Euclid's algorithm computes the greatest common divisor of a and b by repeated subtraction.

gcd.py
def gcd(a, b):
    while a != b:
        if a > b:
            a = a - b
        else:
            b = b - a
    return a

Faster variants use modulo, but the subtraction form has the simplest loop body to reason about. Trace it on three inputs:

call (a, b) at each step returns
gcd(12, 8) (12, 8) → (4, 8) → (4, 4) 4
gcd(15, 6) (15, 6) → (9, 6) → (3, 6) → (3, 3) 3
gcd(7, 5) (7, 5) → (2, 5) → (2, 3) → (2, 1) → (1, 1) 1

Each call terminates and returns what we would call the gcd. For positive a and b, three properties should hold:

Together these three properties characterize the gcd.

L07's BMC could verify this for inputs that drive the loop through at most k iterations. It could not give a claim about every positive a, b. For that we need a property that holds at every iteration, regardless of how many times the loop runs.

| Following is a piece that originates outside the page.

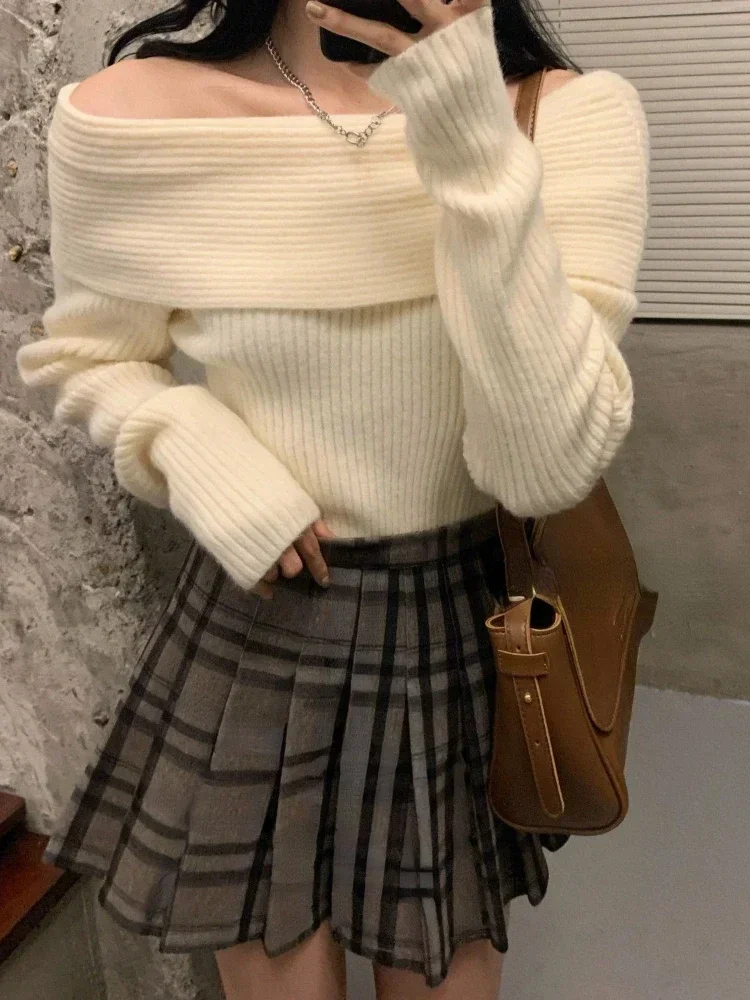

Off Shoulder Knitted Sweater Women Long Sleeve Elegant Pullovers Autumn Winter Pure Color Fashion Sexy Y2k Clothing Tops Korean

When a > b, the body replaces (a, b) with (a - b, b). What is preserved between the old and new state?

Suppose d divides a and d divides b. Then d divides a - b, since the difference of two multiples of d is itself a multiple of d. Going the other way: if d divides a - b and d divides b, then d divides (a - b) + b = a. So the common divisors of (a, b) are exactly the common divisors of (a - b, b), and their largest member is the same:

gcd(a,b)=gcd(ab,b)

The other branch (b := b - a when a < b) is symmetric. So gcd(a, b) does not change as the loop runs. This is the loop's invariant.

At loop exit, a == b, and gcd(a,a)=a. Combined with the invariant, the returned value is gcd(aorig,borig). We have an informal proof that the algorithm computes the gcd of the original inputs.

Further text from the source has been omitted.